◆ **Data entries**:
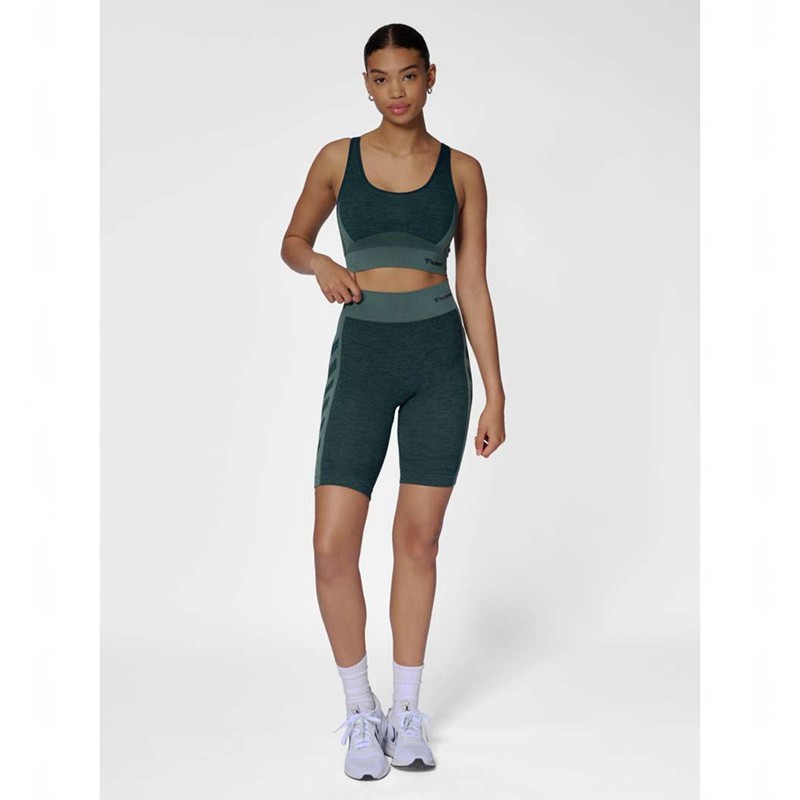 Hummel Clea Seamless Top Ženske Sportski Grudnjak Zelene | 985021-067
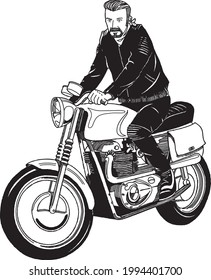 50's60's Biker without a helmet on a Classic British or European motorcycle. Vector illustration with transparent background.
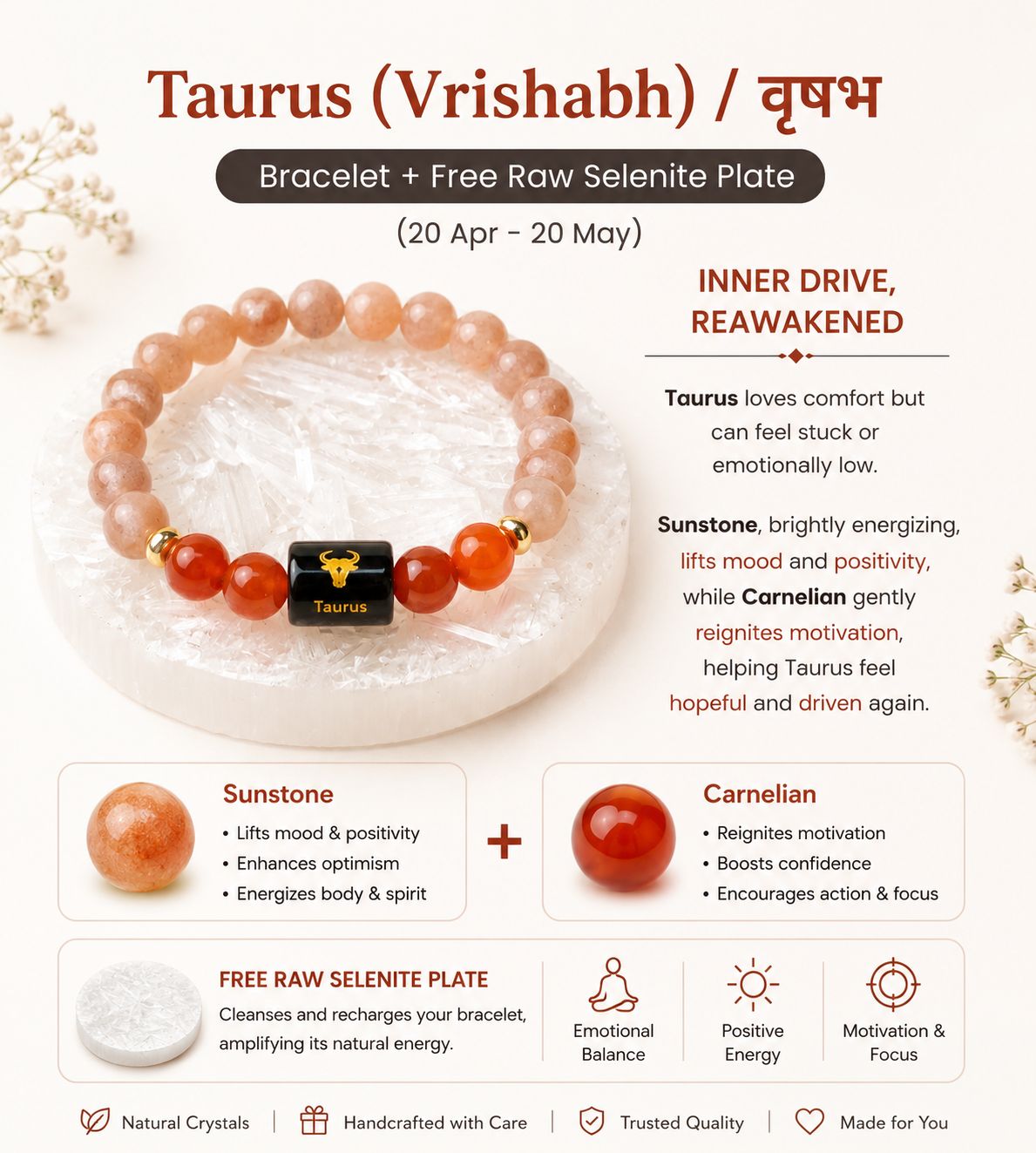 Zodiac Sign Crystal Bracelet with Healing Stones & Free Selenite Plate | Horoscope & Abundance Collection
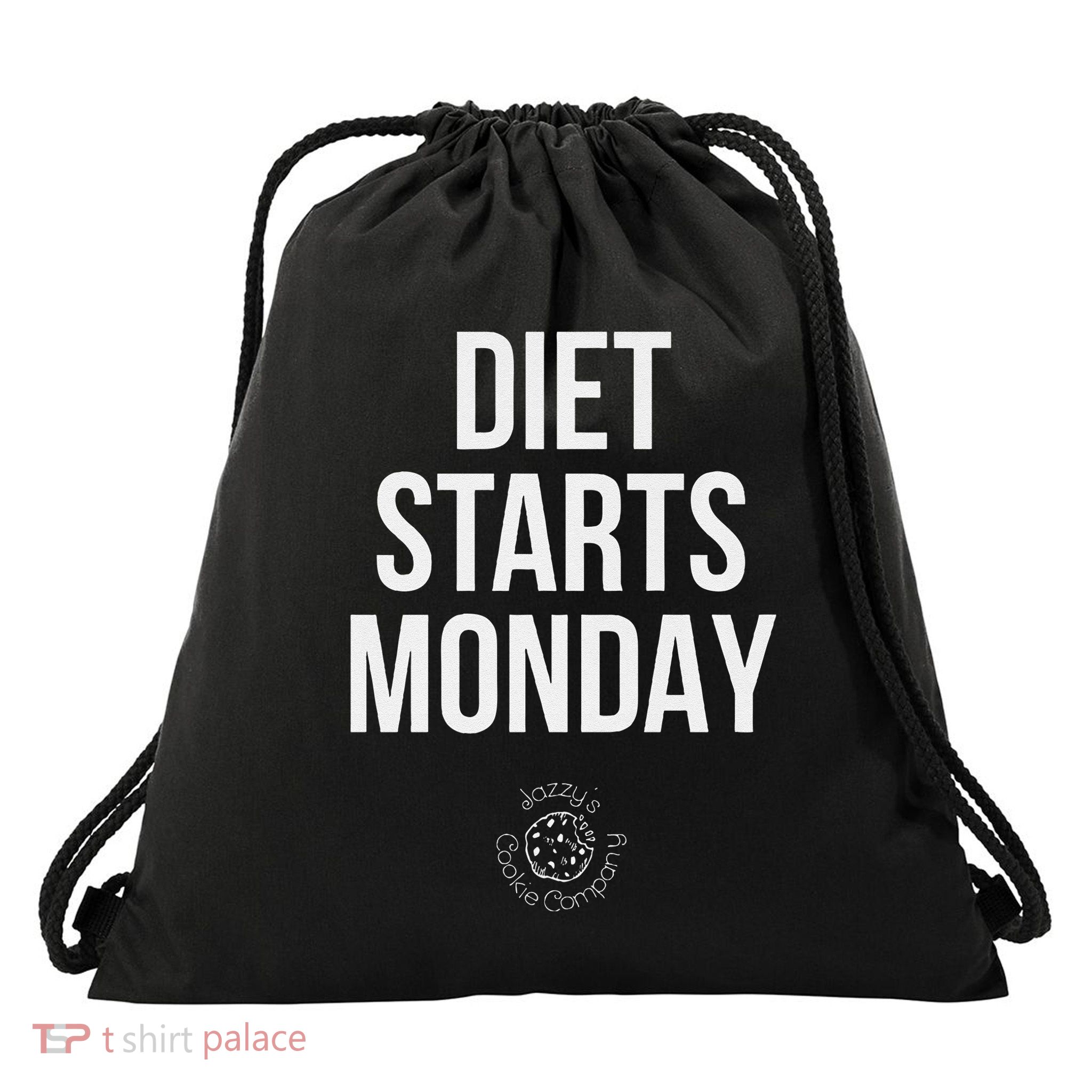 Diet Starts Monday Drawstring Bag
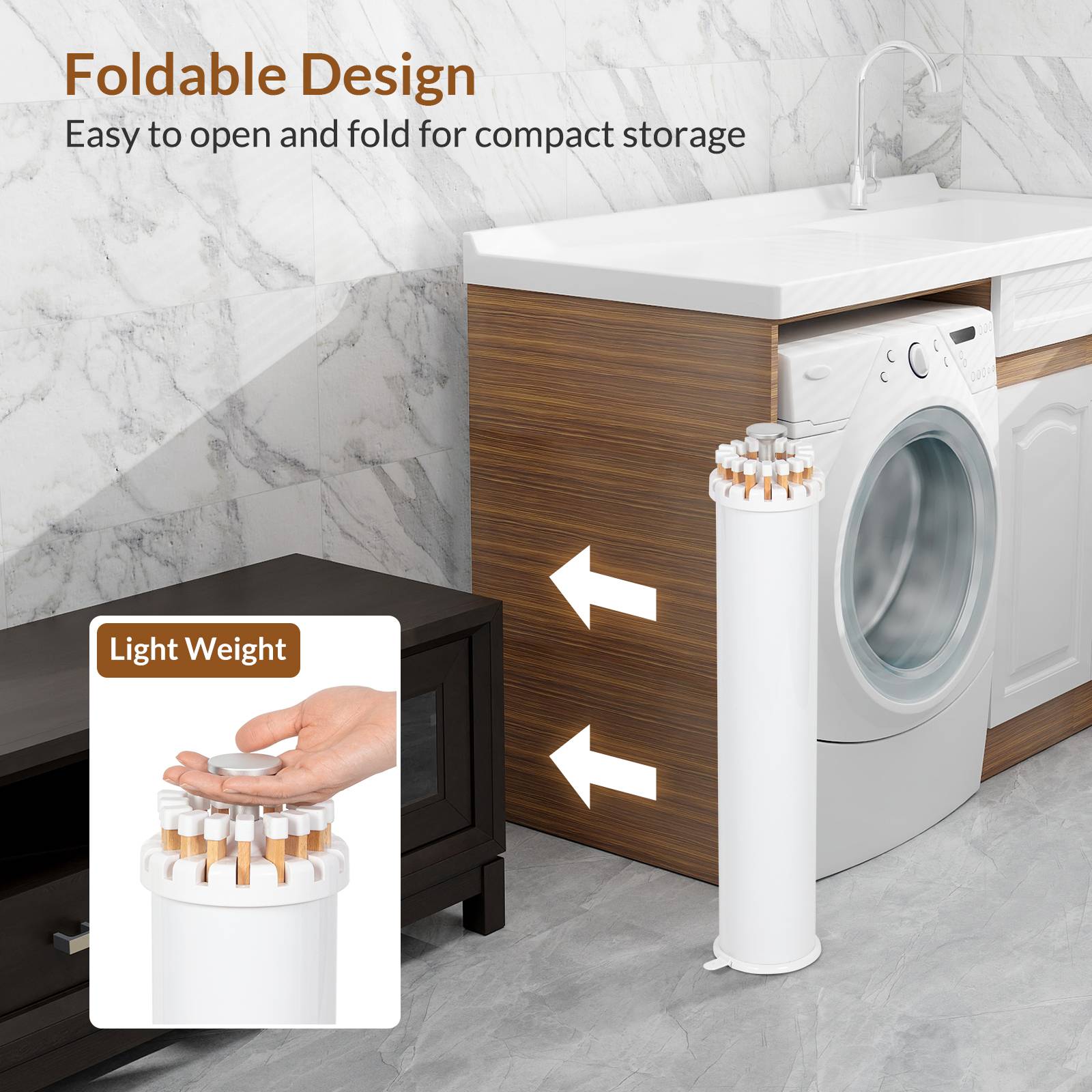 Todeco Etendoir linge interieur avec 10 Pinces à Linge, Séchoir à Rayons en éventail en bois, Séchoir à linge pliant pour le linge de petite taille - Image 5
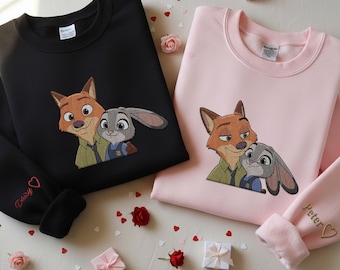 Embroidered Disney Zootopia Nick and Judy Couple Sweatshirt, Personalized Name on Sleeve Embroidery Sweater, Cute Disney Movie Fan Gift
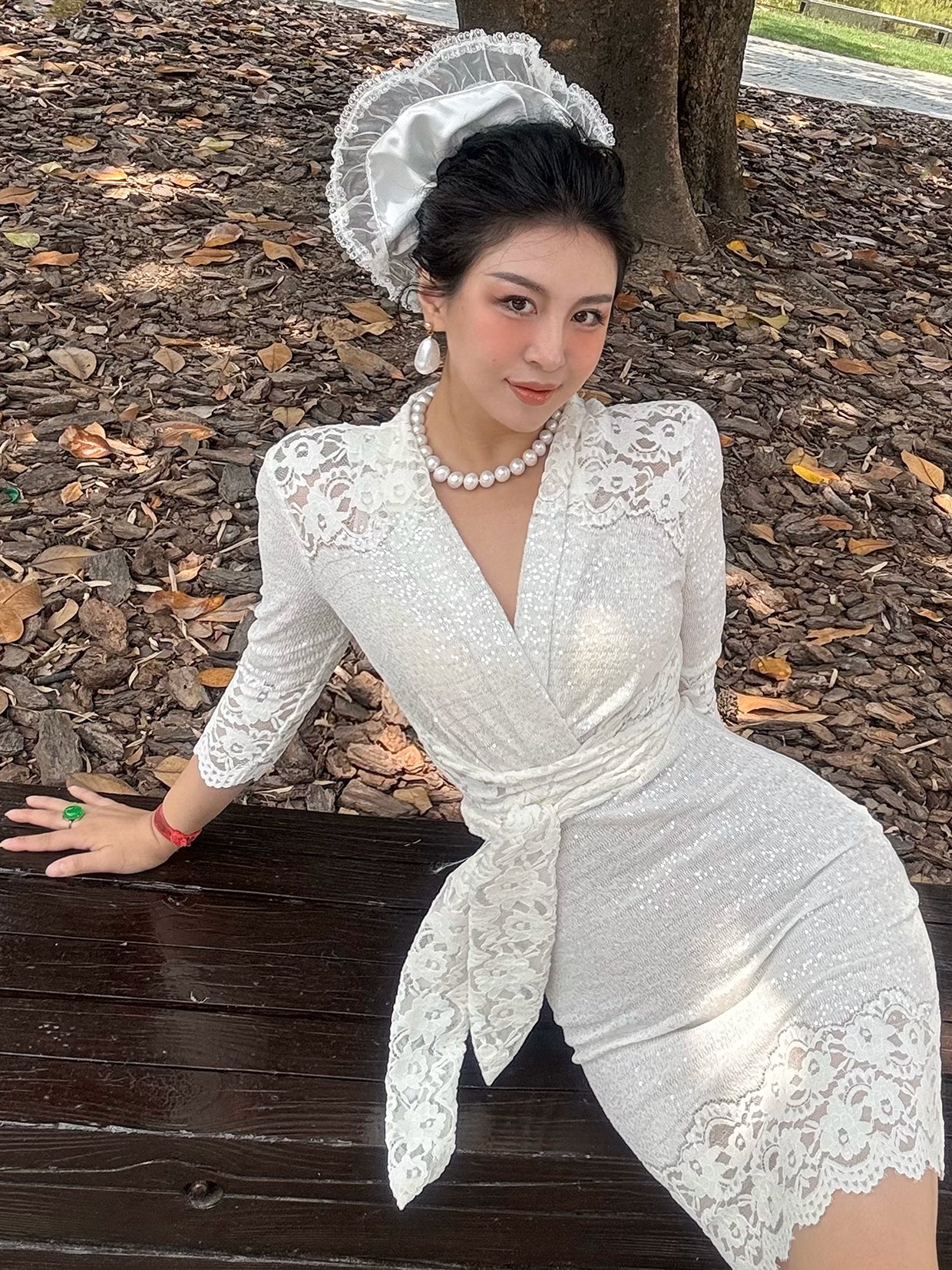 Can stand upright Kong-lylofficial Garden Lace Wrap Dress Elegant High-End Sexy Pure Desire Slimming Women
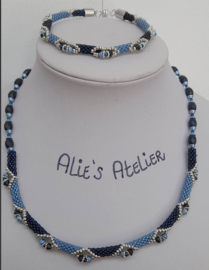 K"Alys Complete Armband en ketting Pakket, D Blauw/ L Blauw
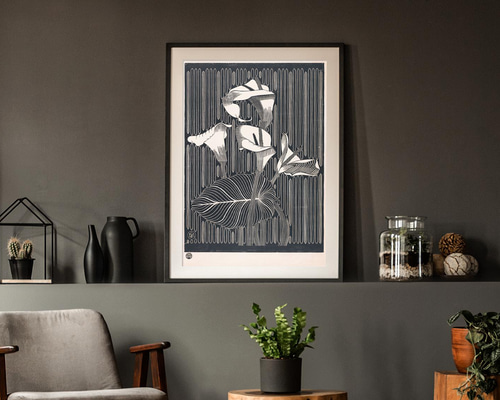 NO.130】オランダカイウのモノクロアートポスター☆カラーリリー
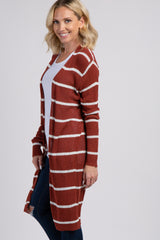 Rust Striped Knit Long Cardigan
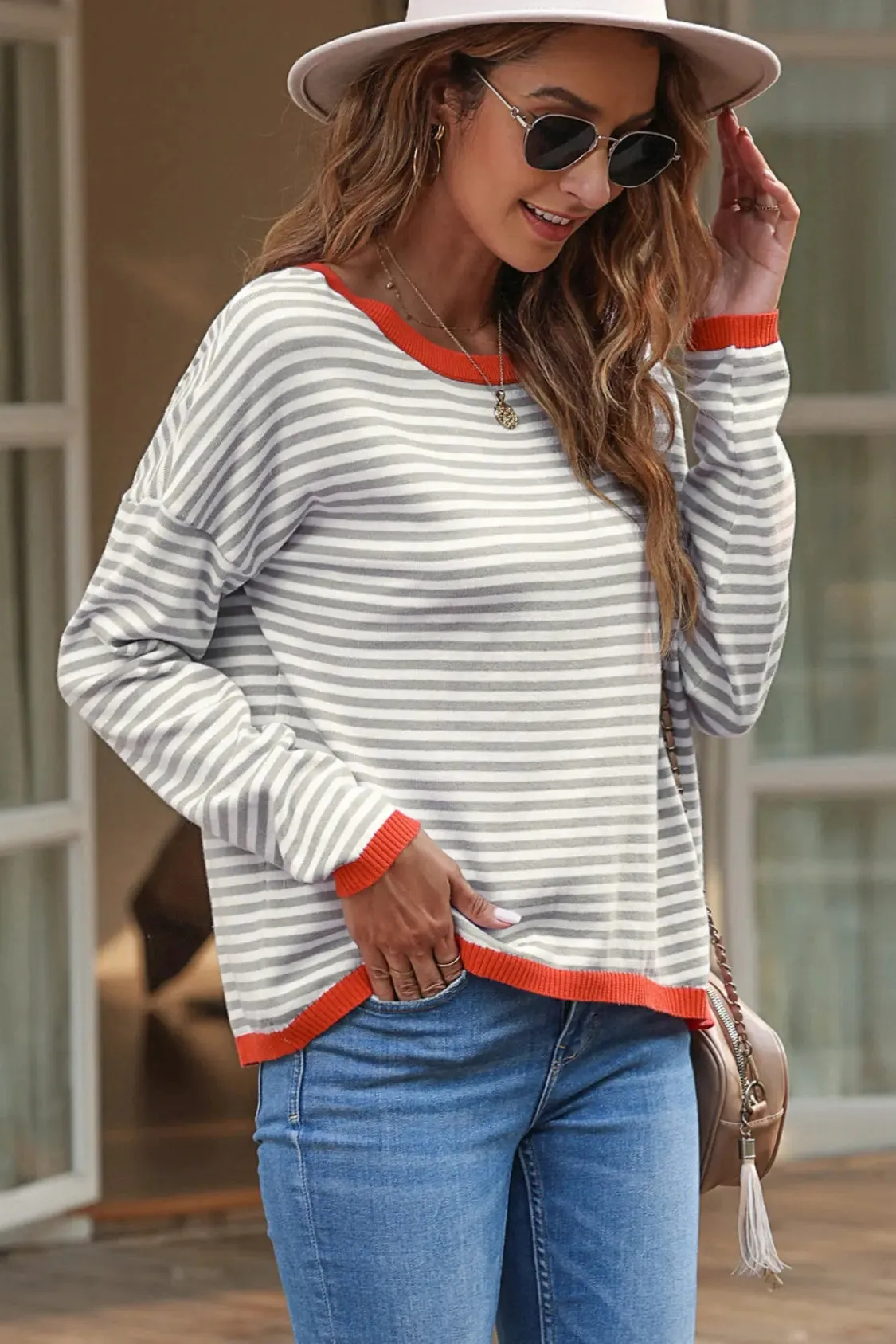 'Jolene' Striped Drop Shoulder T-Shirt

◆ **ASSIGNMENT**: All lines above from the one containing "50's60's Biker without" up to and including the one containing "Can stand upright" are to be set down exactly, and nothing else. Leave images out.

◆ **SOLUTION FOR THIS TASK**:
 50's60's Biker without a helmet on a Classic British or European motorcycle. Vector illustration with transparent background.
 Zodiac Sign Crystal Bracelet with Healing Stones & Free Selenite Plate | Horoscope & Abundance Collection
 Diet Starts Monday Drawstring Bag
 Todeco Etendoir linge interieur avec 10 Pinces à Linge, Séchoir à Rayons en éventail en bois, Séchoir à linge pliant pour le linge de petite taille - Image 5
 Embroidered Disney Zootopia Nick and Judy Couple Sweatshirt, Personalized Name on Sleeve Embroidery Sweater, Cute Disney Movie Fan Gift
 Can stand upright Kong-lylofficial Garden Lace Wrap Dress Elegant High-End Sexy Pure Desire Slimming Women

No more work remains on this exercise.